The availability of visual programming and graphical user interfaces has also led to better analyses. Such interfaces can make it much easier for an analyst to do sophisticated analyses if he or she has adequate training and guidance. Removing the burden of having to learn software syntax, especially for people where analyses is only a part of their job, enables them to perform simple or even complex analyses that they could not have done before.
Anne: What are the most common mistakes you see organizations making when trying to leverage data and analysis to make better decisions? For instance, it seems organizations under-utilize the time dimension of their data…

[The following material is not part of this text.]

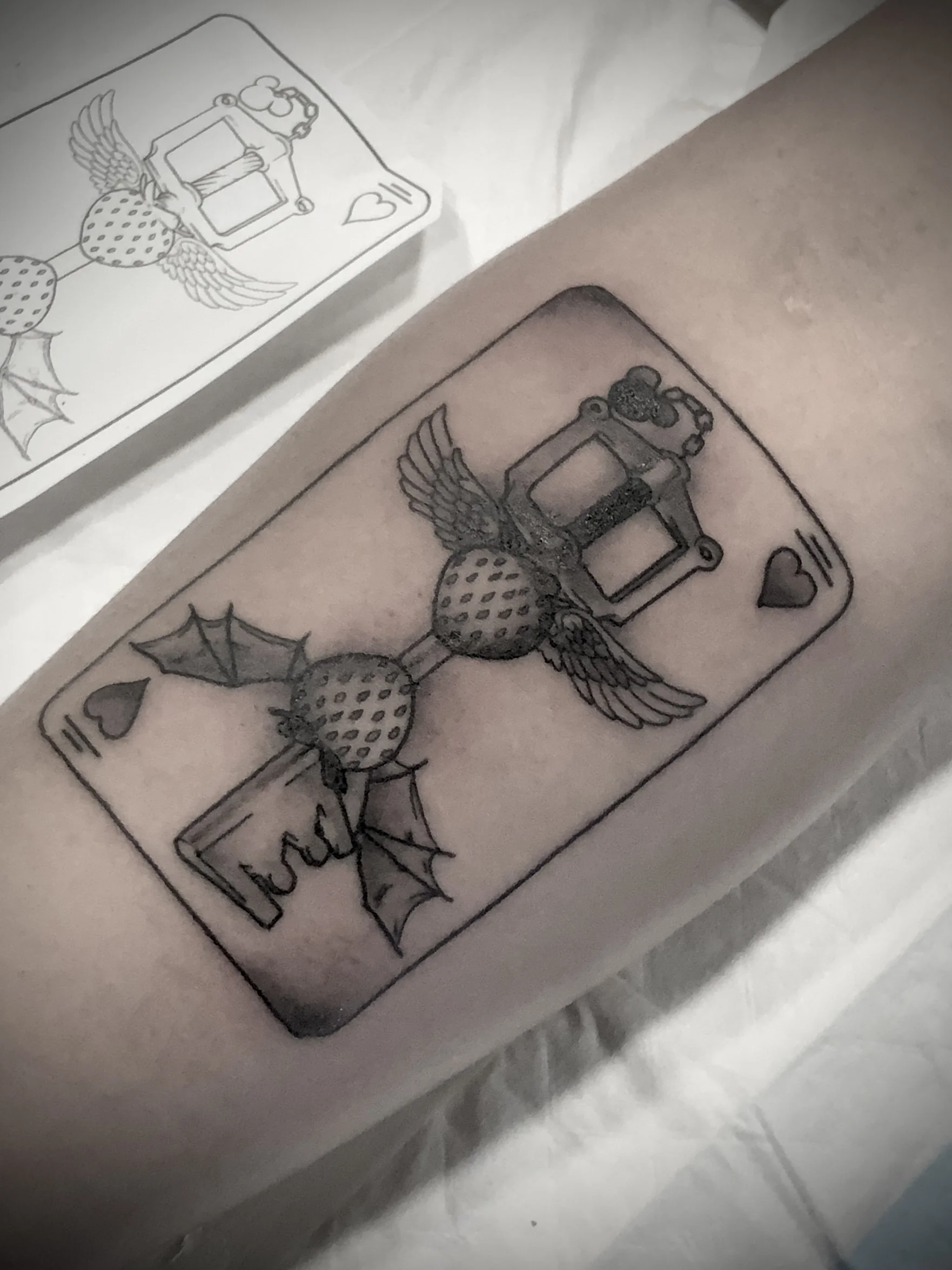 Kingdom hearts keyblade tattoo brisbane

Bob: More than 10 years ago I remember helping a customer develop their first predictive models. It took three tries to get data from a previous campaign for customers who had not responded. They did not understand that we needed both responders and nonresponders to build a model. Of course, a common mistake of new predictive modelers, who might not fully understand the time dimension issues associated with predictive modeling, is time infidelity or leakage.
I’d say that most customers do not fully exploit the time dimension. Most customers realize that circumstances change over time because their models get stale. Consequently, they often do out-of-time validation or test data sets. When doing predictive modeling, customers often capture the time dimension by building inputs that reflect past behavior for intervals of time prior to the event date. For short-duration situations, such as target marketing to acquire new customers, this is fine. However, for churn or up-sale campaigns or for predicting probability of default, which are natural time-to-event or survival problems, I think it is better to explicitly include the tenure of the customer, time, as an input in the model. The time dimension can be explicitly incorporated into models using survival analyses approaches.
Anne: Can you tell us about how the survival mining course came to be—how some innovative thinking helped frame an old problem in a new way?
Bob: The Survival Data Mining class was written by Will Potts. He began that when he was working on a churn problem for a customer. He recognized that the churn problem was really a time-to-event problem, and he was an expert in doing continuous survival problems.
For churn problems in business, analysts historically would frame this as a classification problem where the time dimension wasn’t fully leveraged. This approach, while common, failed to take into account hazards and outcomes in time. Also, Will recognized that something suitable to score new customers as well as do assessment to ensure models are giving you predictions better than random guesses was needed. Cox proportional hazard models had flexibility, but they don’t work for scoring because they are semi-parametric. Will also knew that fully parametric models like LIFEREG produce scoring equations, but they don’t have the flexibility to fit hazards well. He concluded that a discrete time approach would satisfy all of the needs that that problem had, handling time covariates and time discontinuity. Discrete time methods are what the course is about, and these methods have in turn done well in predicting if and when key customer events would occur. At the F2009 Business Forecasting Conference, Professor Jonathan Crook presented on this topic and endorsed discrete time methods as far superior to previous methods applied.
Anne: Professor Crook also presented at a SAS Day for a large UK bank in 2008 and asked the audience (who were largely not using this approach), “Why wouldn’t you want to know when and not just if a customer would default?!” Bob, since Will no longer teaches this course , you’ve been teaching it around the world. Having guided so many users to adopt a better method, you’ve also provided a lot of good input to the new survival mining node soon to be available in SAS Enterprise Miner and connected R&D with some good development partners. What do you think customers will be most excited about?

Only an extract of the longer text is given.